What the exercise asks
Can you transcribe the data exactly? Leave the pictures out.

Provided material
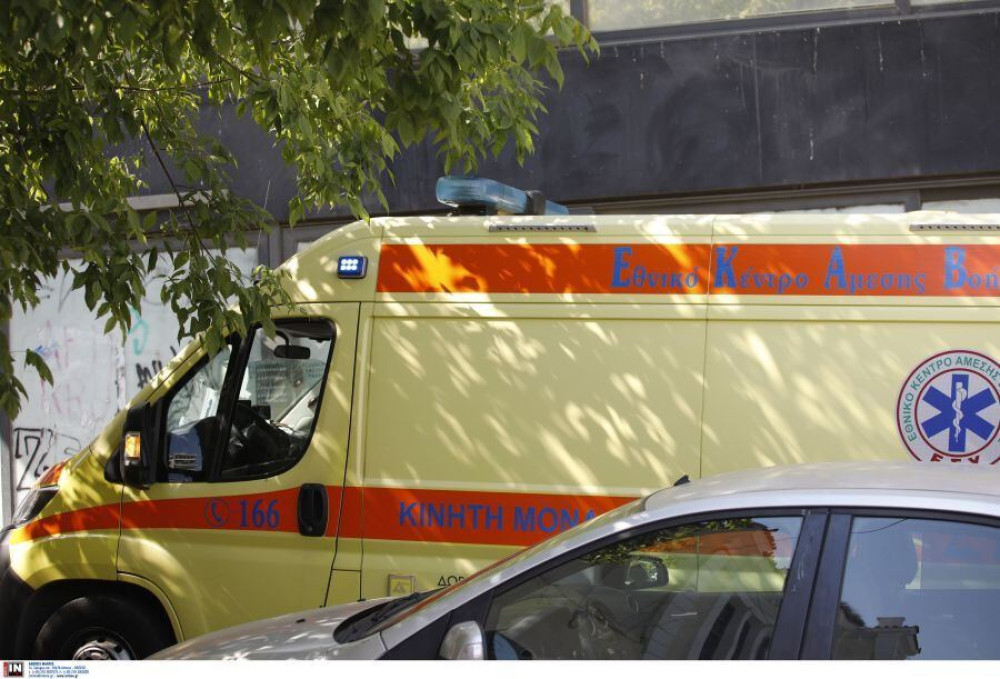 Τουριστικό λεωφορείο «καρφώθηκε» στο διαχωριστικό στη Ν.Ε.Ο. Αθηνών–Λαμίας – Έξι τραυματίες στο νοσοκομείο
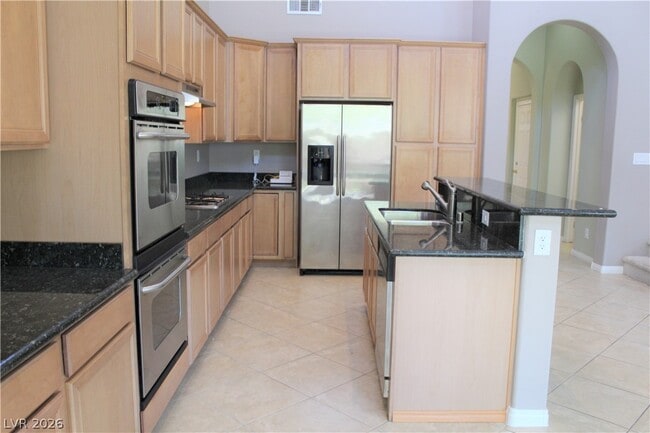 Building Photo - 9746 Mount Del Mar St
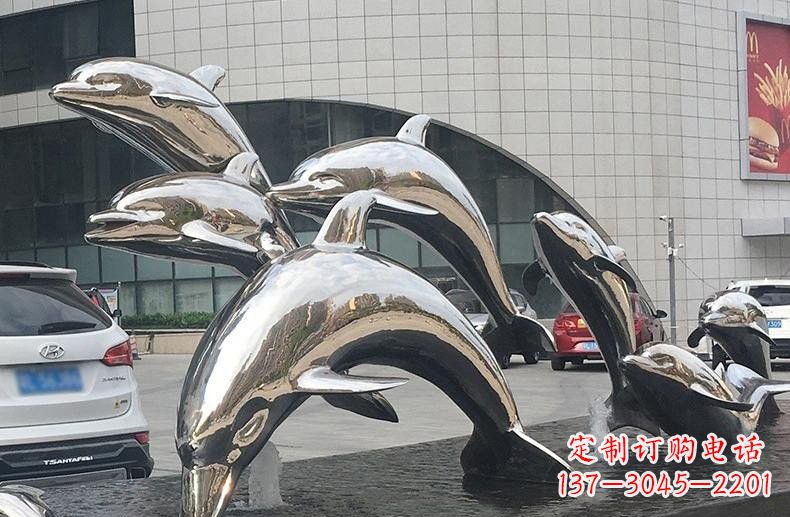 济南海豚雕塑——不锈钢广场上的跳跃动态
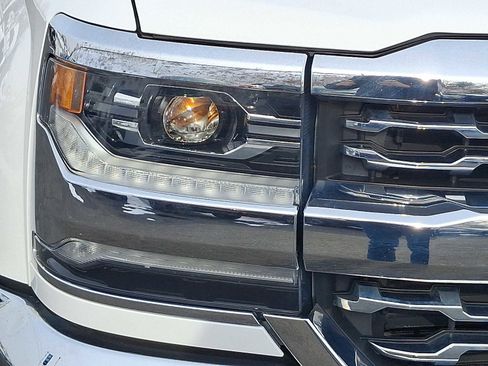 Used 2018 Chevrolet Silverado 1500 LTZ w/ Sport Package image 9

Output for this task
 Τουριστικό λεωφορείο «καρφώθηκε» στο διαχωριστικό στη Ν.Ε.Ο. Αθηνών–Λαμίας – Έξι τραυματίες στο νοσοκομείο
 Building Photo - 9746 Mount Del Mar St
 济南海豚雕塑——不锈钢广场上的跳跃动态
 Used 2018 Chevrolet Silverado 1500 LTZ w/ Sport Package image 9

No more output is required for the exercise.